Nunca o Brasil foi tão malvisto no exterior. Nessa imagem era mais positiva. Certos governantes foram bem-vistos: Juscelino, Fernando Henrique, Itamar, cheio de comendas e elogios, só para exemplificar. Hoje, estamos no fundo do poço. O Itamaraty foi ocluso de propósito. Politizaram a diplomacia. Temos, se é que temos, na ONU, um debilóide, o ex-secretário da Educação. Vade retro Wintraub.

A diplomacia deve ter alavancas que favoreçam a economia. As nossas sob Bolsonaro e Araújo, um incompetente segundo as nossas fontes diplomáticas, são ideológicas, o que é um erro indesculpável.

A ignorância, a estupidez é forte neste desgoverno medíocre, ora “populista” (só quer distribuir dinheiro para garantir a reeleição). Nossas iniciativas são apenas “ideológicas”, como se a China fosse comunista e não um país capitalista, que mais cresce, comercia e cria tecnologias (tipo reconhecimento facial e compras sem dinheiro nem cartão) a ponto de fazer os EUA temerem ser suplantados muito antes do que esperavam. (O G5 é um pesadelo para Trump e sua prepotência).

No caso do Brasil, virou mania se contrapor à China no escalão de Brasília, a ponto de se recusar as tecnologias a nós oferecidas, em que pese ser o nosso maior comprador e investidor em tecnologia fina, na informática, sistemas e agronegócio. Deveríamos, isto sim, manter distanciamento e tirar vantagem de confrontos alheios. Nosso poderio é restrito à América do Sul, se tanto!
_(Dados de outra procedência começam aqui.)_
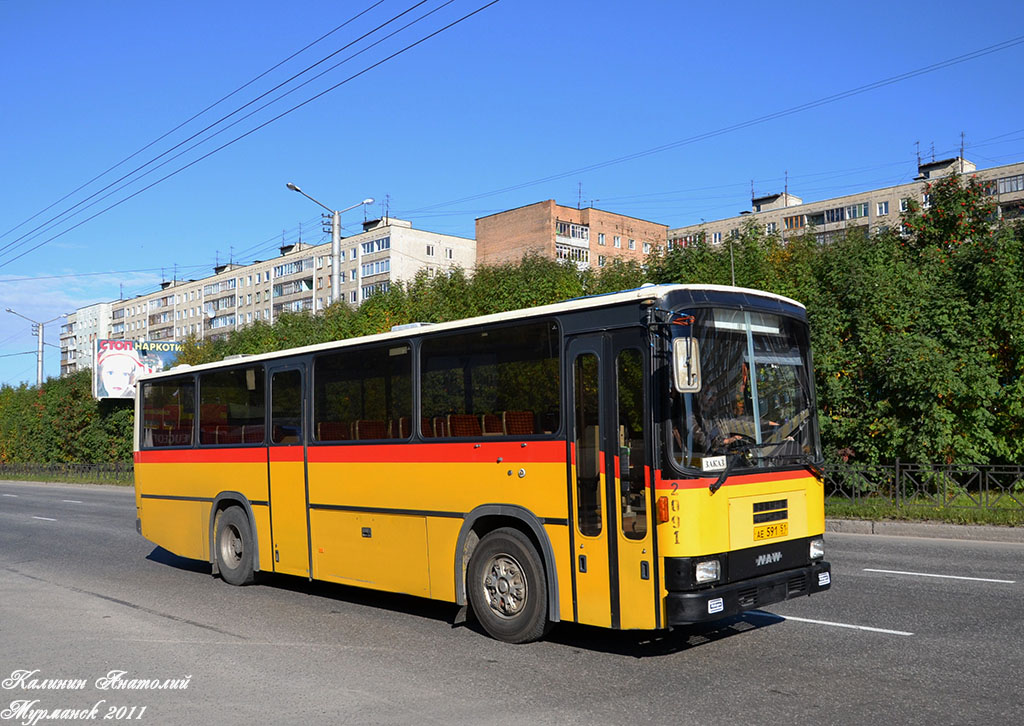 Автобусы мурманск. Мурманский автобус. Автобус 10 Мурманск. Мурманская область автобус.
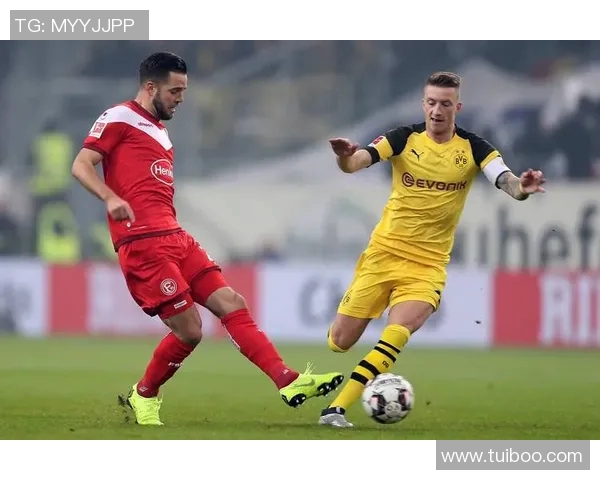 杜拍多夫与帕德博恩的精彩对决揭示足球战术新趋势 杜拍多夫与帕德博恩的精彩对决揭示足球战术新趋势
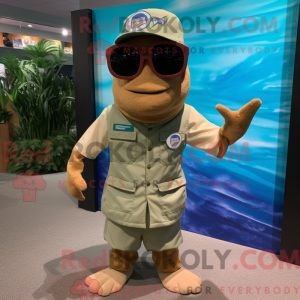 Tan Cod maskot kostume...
Aqui não se sabe quem mais relincha, se os órgãos de fomento do governo ou nossa decaída diplomacia. A China envia ou deixa que sigam para a Austrália e Reino Unido e até para os EUA seus estudantes, para captar e depois melhorar suas tecnologias de ponta. Sob o escudo atômico da Rússia...

A China já é uma potência tecnológica, mas busca em qualquer parte do mundo as inovações. São quatro mil anos de civilização. Vencidos os “dois séculos de vergonha” (séculos 18 e 19) retoma ao lugar que sempre foi seu, o de potência mundial.

O “Império do Meio”, pense nisso, Trump, já fazia porcelana e seda quando seus ruivos progenitores, por seus antepassados, eram bárbaros, muito aquém dos impérios de Ciro (Pérsia), Alexandre (Grécia) e o Romano, o mais duradouro da história, fonte primeira da organização política e jurídica do Ocidente.

Os EUA são uma grande, populosa e rica nação. Que não faça de sua grandeza, uma fonte de mesquinharias. A solução mais útil é a convivência pacífica e não uma nova “guerra fria”, a bem da humanidade. Por qual razão ou desígnio divino têm necessariamente que ocupar o primeiro lugar? A incúria atrasa, mas o orgulho, por si só, gera dor, vergonha e atraso para a humanidade.